The inaugural DHL Global Trade Barometer, launched this month by the air cargo company and consulting firm Accenture, predicted high growth rates in Chinese airborne trade, particularly for exports of consumer goods.
The survey’s overall trade index, which is based on import and export data for a number of commodities in seven countries, stood at 59 for China in January, the lowest among the seven – the other six being the US, Germany, South Korea, India, Japan and the United Kingdom. A reading above 50 signals growth while one below indicates a contraction.
The China index was down from a reading of 63 in December, which was calculated for reference purposes based on the same criteria and which indicated a loss of momentum.

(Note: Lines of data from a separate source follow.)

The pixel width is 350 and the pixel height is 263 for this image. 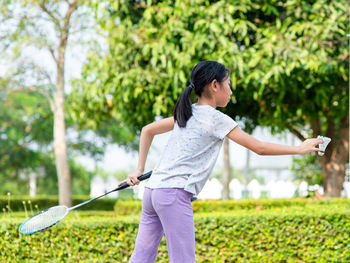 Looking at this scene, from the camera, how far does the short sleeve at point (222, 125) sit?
2.41m

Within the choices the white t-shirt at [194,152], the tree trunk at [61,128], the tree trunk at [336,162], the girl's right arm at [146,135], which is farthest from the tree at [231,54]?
the white t-shirt at [194,152]

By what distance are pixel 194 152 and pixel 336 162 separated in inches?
317

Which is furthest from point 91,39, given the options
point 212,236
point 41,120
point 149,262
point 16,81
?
point 41,120

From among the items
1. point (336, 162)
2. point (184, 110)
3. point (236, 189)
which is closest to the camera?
point (184, 110)

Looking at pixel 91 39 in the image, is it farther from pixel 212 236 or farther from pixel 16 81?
pixel 212 236

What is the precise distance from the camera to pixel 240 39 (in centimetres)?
813

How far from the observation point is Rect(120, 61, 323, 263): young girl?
2.40m

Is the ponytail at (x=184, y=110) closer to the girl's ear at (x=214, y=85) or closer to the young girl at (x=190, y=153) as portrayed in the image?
the young girl at (x=190, y=153)

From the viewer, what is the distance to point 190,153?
2.45 m

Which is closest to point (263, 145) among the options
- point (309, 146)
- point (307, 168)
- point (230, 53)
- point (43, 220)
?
point (309, 146)

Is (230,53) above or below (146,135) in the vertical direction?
above

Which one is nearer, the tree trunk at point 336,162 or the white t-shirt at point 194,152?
the white t-shirt at point 194,152

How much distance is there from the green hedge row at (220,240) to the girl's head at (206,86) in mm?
2374

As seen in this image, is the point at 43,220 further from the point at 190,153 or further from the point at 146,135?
the point at 190,153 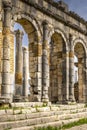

“With China’s economy shifting towards a more consumption- and service-driven model, it’s no surprise that the growth outlook for ocean freight is significantly lower than before,” said Kelvin Leung, chief executive of DHL’s Asia-Pacific forwarding business.
“China’s push to raise higher-quality global exports and domestic consumer spending are having the desired effect on trade and future economic development.”
The survey could add to concerns over China’s economic outlook, especially as trade frictions rise between China and the US, where President Donald Trump has been taking aim at what he sees as China’s unfair trade practices and policies.
In the survey, China’s ocean trade index dropped 7 points from the December calculated value to 52, while that for air trade stood at 70, the same as the calculated December figure. By commodity, the index for basic raw materials was 53 in January from December’s 52, but industrial raw materials fell to 42 from 57. The hi-tech index dropped to 60 from 67.
Still, DHL said China’s efforts to move its products up the value chain and the transition into a consumer-driven economy bode well for the long-term outlook.
Official Chinese figures showed that exports and imports rose 14.2 per cent year on year in 2017, the first time they had grown since 2015. Total exports and imports were worth 27.79 trillion yuan (US$4.4 trillion) last year, while the country’s trade surplus hit 2.87 trillion yuan.
DHL also played down fears of a trade war as tensions rise between the US and China.
“I don’t believe protectionism will succeed,” said Oliver Wegner, a senior development manager with DHL.